Author Spotlight: Jamie Marina Lau, ‘Gunk Baby’

    At the start of Jamie Marina Lau’s hyperreal and liminal second novel Gunk Baby, 24-year old Leen has just traveled to the suburbs of Par Mars to start her Chinese ear-cleaning business. While staying at her friends’ apartment, she sets up the shop in the sprawling indoor shopping complex Topic Heights, learns what sells (changing the name to “Lotus Fusion Studio” as a means to distinguish the shop) and what doesn’t (hiring a somewhat apathetic receptionist who writes her novel on the clock).

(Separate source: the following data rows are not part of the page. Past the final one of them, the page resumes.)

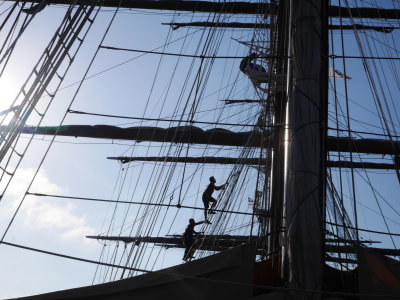 Men going up to put the sails up
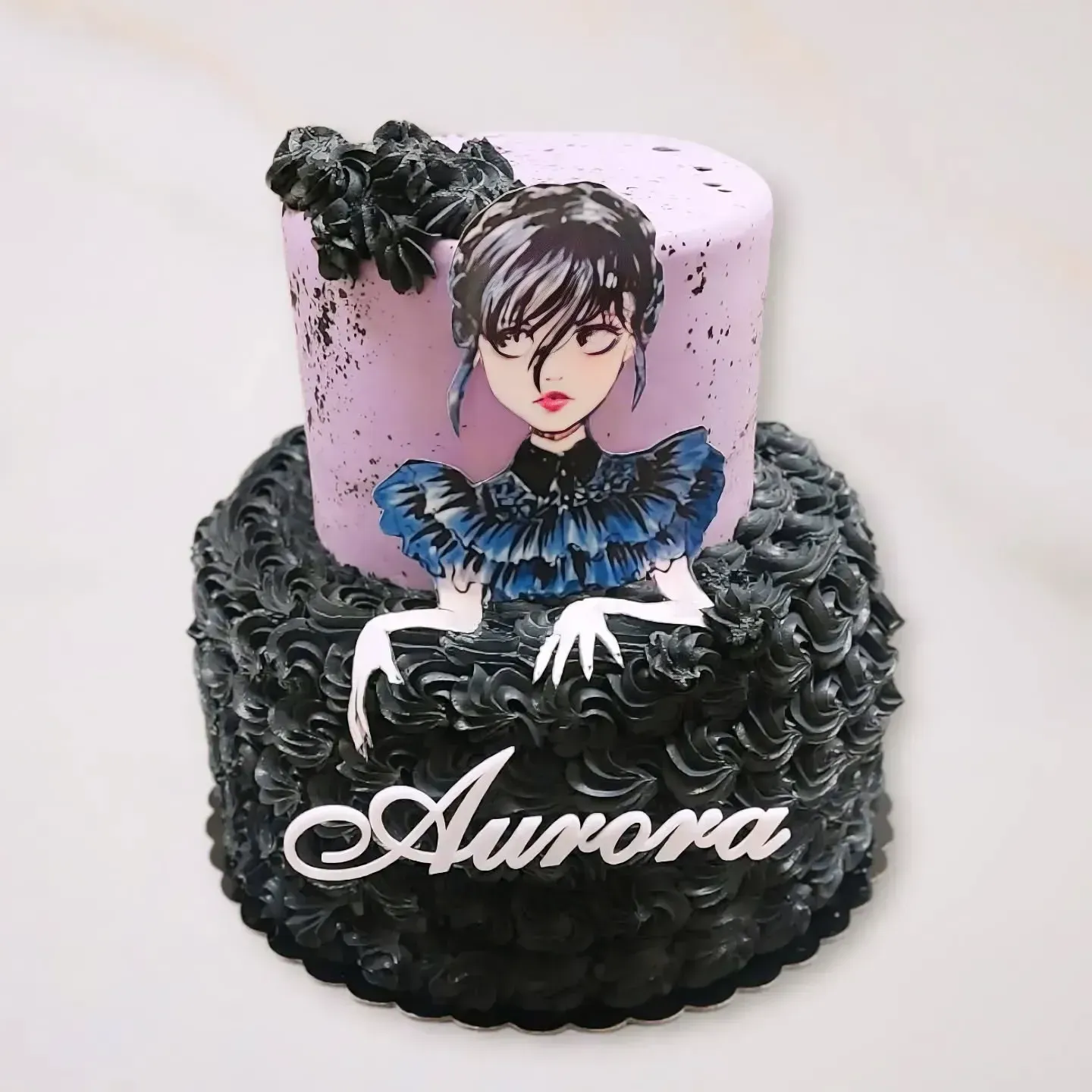 Torta a due piani con glassa nera e piano superiore lilla con un disegno di Mercoledì Addams e la scritta 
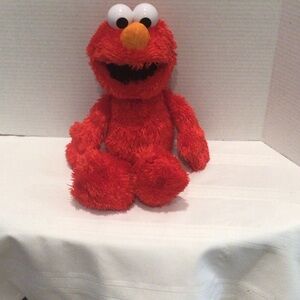 Sesame Street Tickle Me Elmo laughing & talking plush toy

    Leen gets noticed by Jean Paul, another worker of the complex, who invites her to a worker-only discussion club who plots to take ‘revenge’ on their managers as a means to reign in their control, enacting harmless pranks that, at most, take a bit of cleanup. But as Leen’s company grows, she begins to have doubts about what the members of the group discuss in person and online, threatening increasingly violent means of taking back control.

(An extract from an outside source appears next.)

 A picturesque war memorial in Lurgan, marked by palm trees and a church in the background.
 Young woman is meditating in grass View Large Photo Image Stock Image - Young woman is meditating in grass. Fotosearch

    OurCulture sat down with Jamie Marina Lau to discuss consumerism, self-othering, the wellness industry and the art of the novel.

    Congratulations on your second novel! How did the writing process differ from your debut, Pink Mountain on Locust Island?

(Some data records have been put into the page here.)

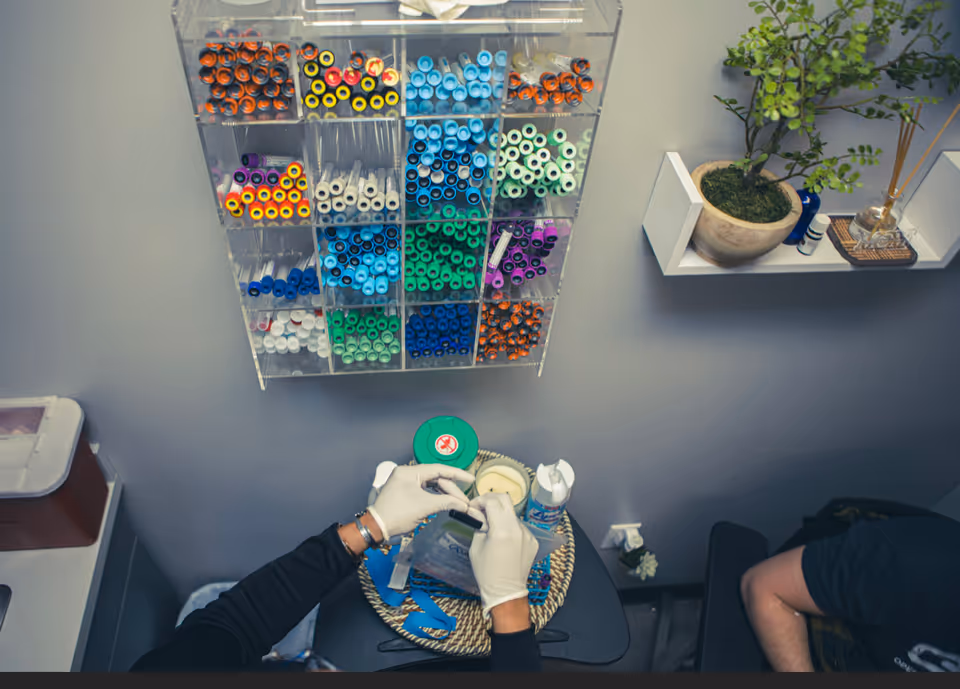 Gloved hands organize color-coded specimen tubes at a phlebotomy station.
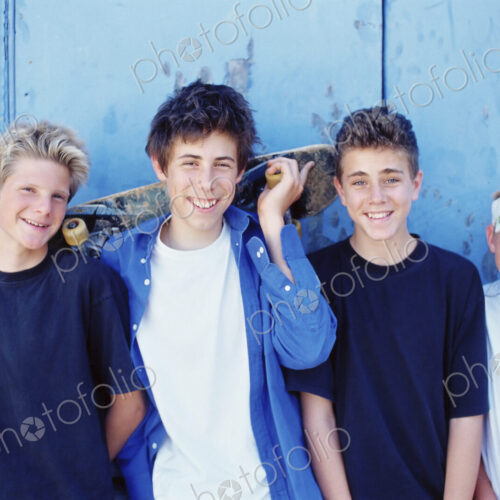 Four young boys in a row, friends skateboarding.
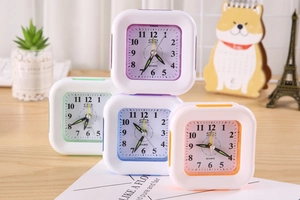 Detailed view of four colorful square quartz alarm clocks on a cozy wooden desk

    Thank you! It was really, really different. Pink Mountain was written very spur-of-the-moment. Both of them were written very automatically, and I wrote both of them in a very stream-of-consciousness style. But Gunk Baby went through three different revisions — I rewrote it over the span of three years. The Gunk Baby you have in your hands right now — we cut like 5,000 or 6,000 words. It’s also completely different because with Pink Mountain, I wrote it and it was just published as it was. Both of them were kind of experimentations with the process. I really wanted to test myself in the margins I created. I wanted to challenge the way that I thought when I wrote it in a very specific way.

    Gunk Baby opens with 24-year-old Leen, who is about to open a new ear-cleaning studio in an indoor shopping mall, while staying at her friends’ place. Though she has a plan, it almost seems a bit random that she chose Par Mars to settle into and start her business. How did the idea of this character come to be?

    So it actually came about through a short story. I had an image of her driving on the road in my mind, and the car she was driving. She’s very obsessed with the car and she’s conflated with it at all times, including the first conception I had of her. So it was her and the Saab 900, and they were driving on the highway — she was leaving somewhere, in my mind — and she had a shaved head. I won’t spoil the story, in case I ever want to publish it, but it was this detached vision of her driving, arriving at a hotel, vomiting on the side of the road. It was maybe six months after that I started the first version of Gunk Baby, maybe in 2018.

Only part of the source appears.